All I remember was Marlon wearing a dress, droning on and on for two and a half hours on how just because we’ve graduated high school, we shouldn’t think that we don’t have to wash anymore.

Chris’s humor is very whimsical and absurdist like that, very much of a piece with the guy I got to know on “Late Night.” Chris once explained to Bob Costas that his persona on “Late Night” was that of someone who thought he was a star, despite all evidence to the contrary.

That’s the character you encounter here, obnoxious when challenged, as when he crashes an AA meeting early in the book to compare their situations with his own struggle with a privileged upbringing:

“I mean, I really feel for you folks, but I gotta tell ya, I just don’t relate. All I can say is, just don’t drink so much! If you’re at a bar or a party, just control yourselves, that’s all! Now, I’m sorry, but I think I have a real problem.”

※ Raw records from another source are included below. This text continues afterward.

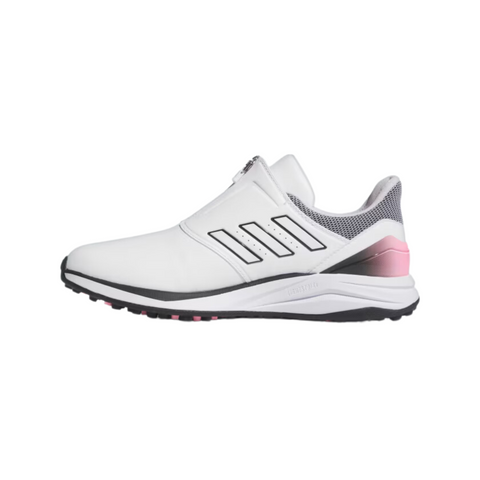 The Adidas 2024 Women's Solarmotion BOA Golf Shoes in White/Black/Pink feature three black stripes, a mesh heel, textured rubber sole, and the BOA Fit System for a secure fit.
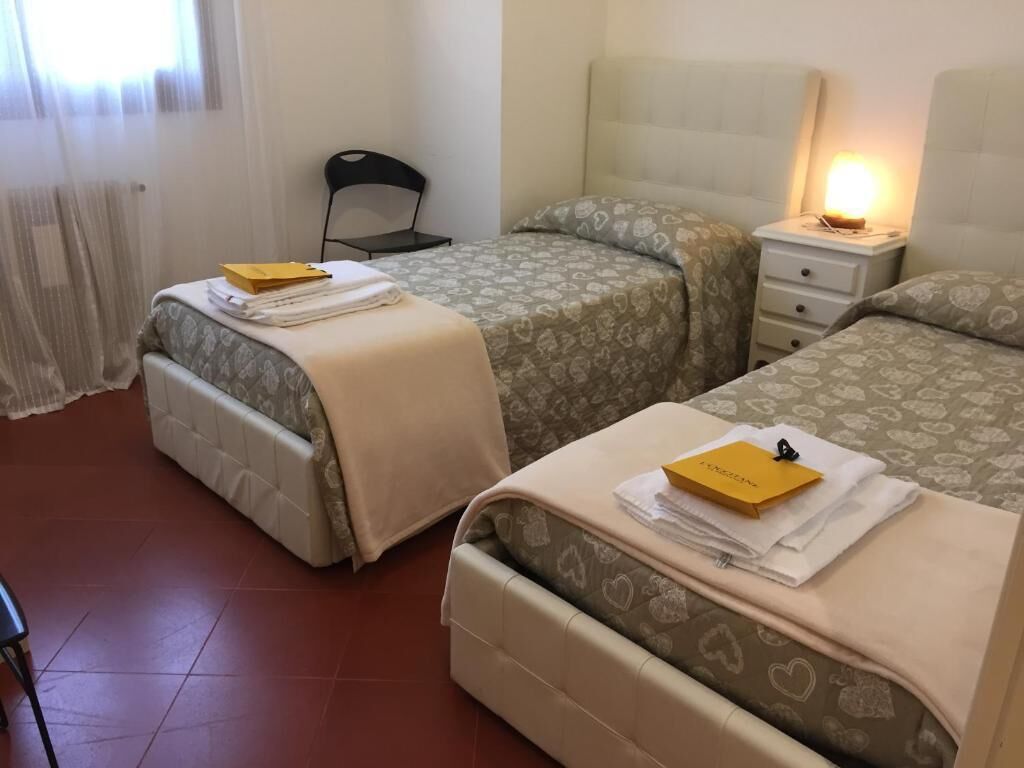 Hotelkamer met twee bedden, een stoel, een nachtkastje met lamp en een raam met dunne gordijnen.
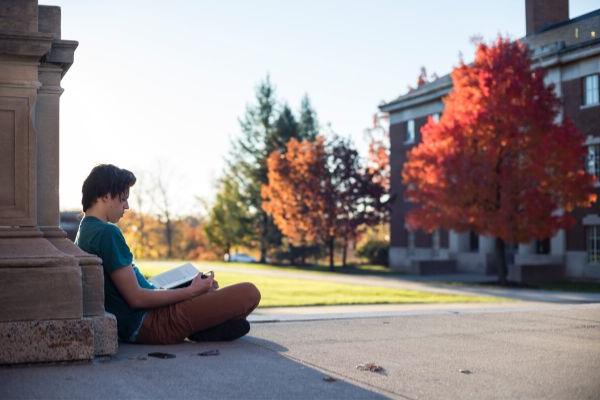 Student sitting on campus of Unversity of Rochester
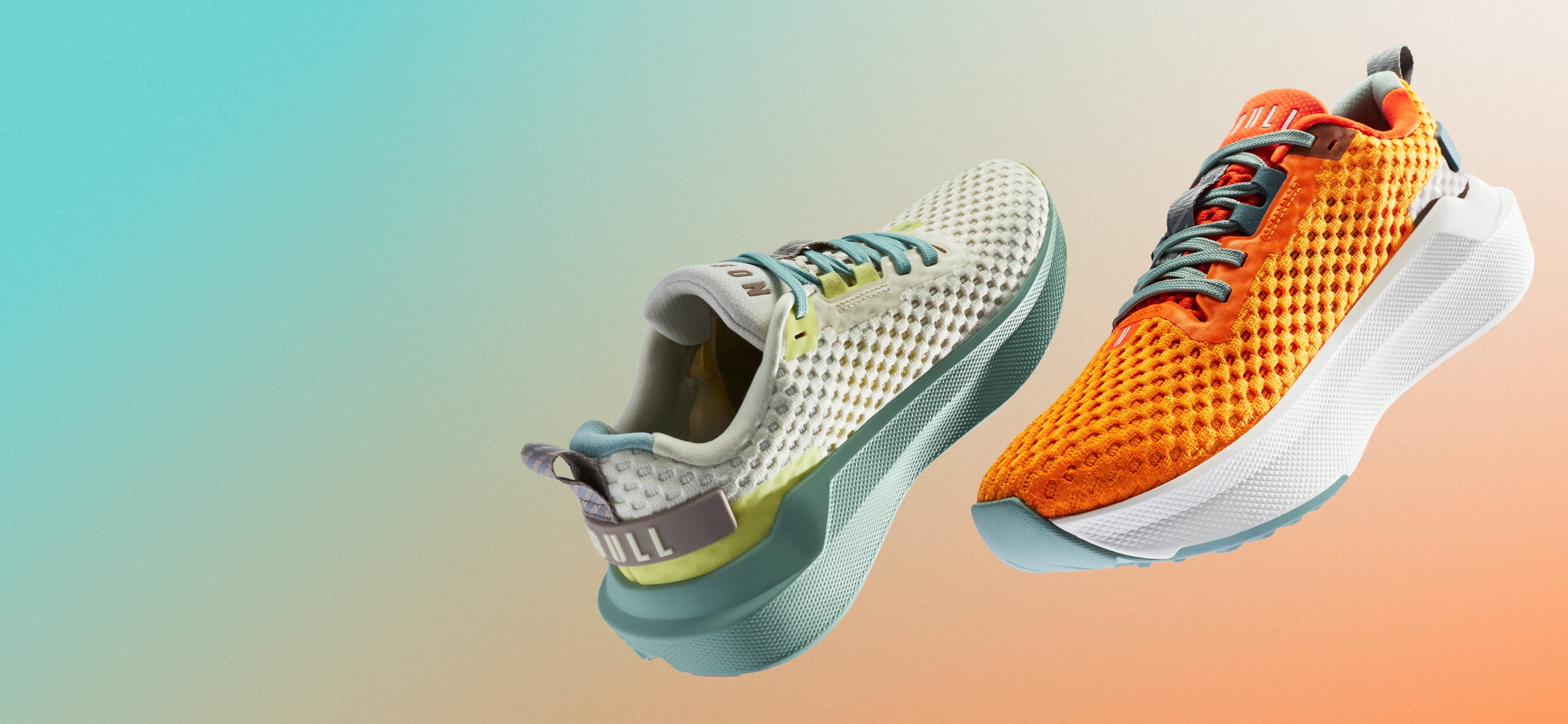 Two athletic shoes, one gray and one orange, on a gradient background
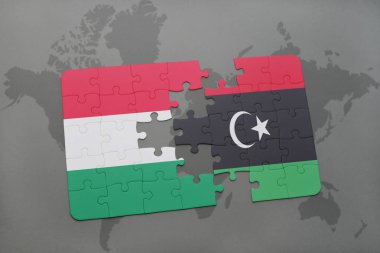 Macaristan ve libya ulusal bayrak bir dünya haritası üzerinde ile bulmaca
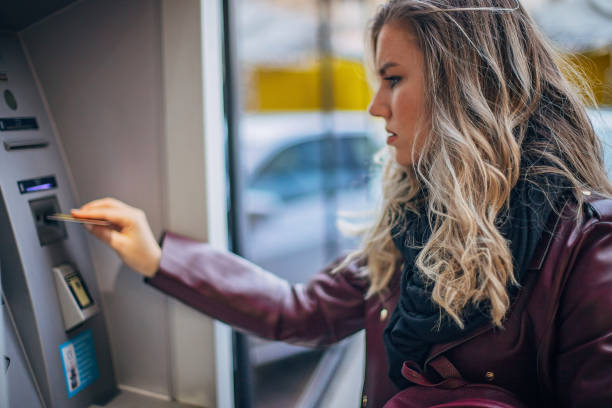 istock Woman is withdrawing money from ATM machine 1193910176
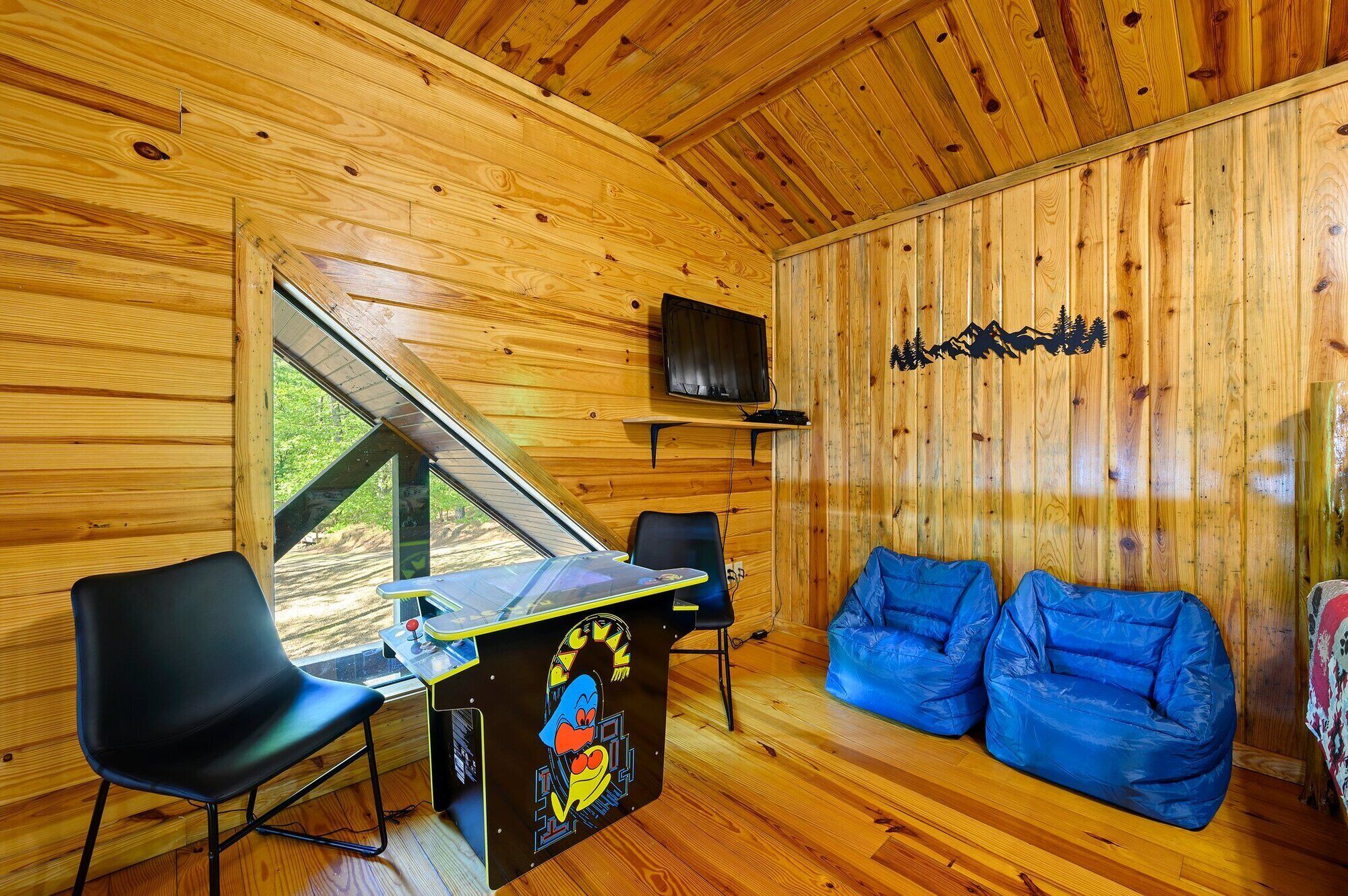Interior de una cabaña de madera con un escritorio, sillas, un sofá azul y un televisor montado.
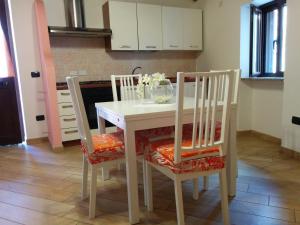 a white table and chairs with flowers on top of it at Casa Delle Rose in Capaccio-Paestum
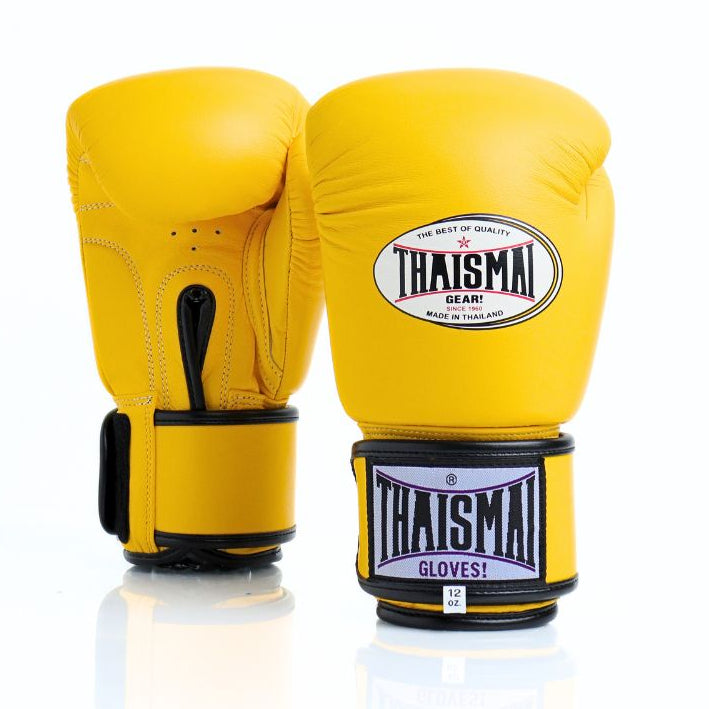 Yellow boxing gloves with Thaisma branding on a white background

Chris Elliott in one of his many movie roles, as Ben Stiller's buddy with a secret in There's Something About Mary.
Image from https://www.listchallenges.com/selected-chris-elliott-films.


There are a lot of chuckles in Daddy’s Boy, but as a gag book, it’s more serviceable than memorable. Bob Elliott, in real life a quieter sort of legend as half of the great comedy team Bob & Ray, writes his own chapters and they don’t play as well.

Love them as I do, I can’t say Chris and Bob’s comedic styles mesh here. Chris in his “Late Night” heyday was antic and playful, tuned into the 1980s zeitgeist to the point of donning an absurd mullet he pretended was his own hair. Bob Elliott was so poker-faced and buttoned down he made Bob Newhart seem like Bobcat Goldthwait.

Bob spends his chapters offering stray observations about his summer home in Maine and the fact “hijinks” is the only word in the English language with three consecutive dotted letters. He’s not into the whole Daddy Dearest schtick, which makes his sections drag.

Chris’s material plays better, if sporadically, going on a number of disconnected, amusing tangents. Since his run on “Late Night,” Chris continued his comedy career in movies, a short-lived 1990 sitcom called “Get A Life,” and with other books that similarly warp reality for comic effect.

Bob and Chris share a scene on Chris's short-lived FOX sitcom "Get A Life," joined in a special appearance by "Lost In Space" and "Lassie" mom June Lockhart.
Image from https://www.sitcomsonline.com/photopost/showphoto.php/photo/319849 


My biggest laugh in Daddy’s Boy was of recognition when he wrote of the “nauseous feeling” he got on Sunday nights when “60 Minutes” came on, associating the ticking clock with bedtime and school.

The rest of it is playful and amusing enough, pleasant as one of Chris’s vintage “Late Night” bits if longer to take in. More a skim than a read, Daddy’s Boy is supplemented with some amusing photos and worth a look, especially for those of us who wish “Get A Life” ran another seven seasons.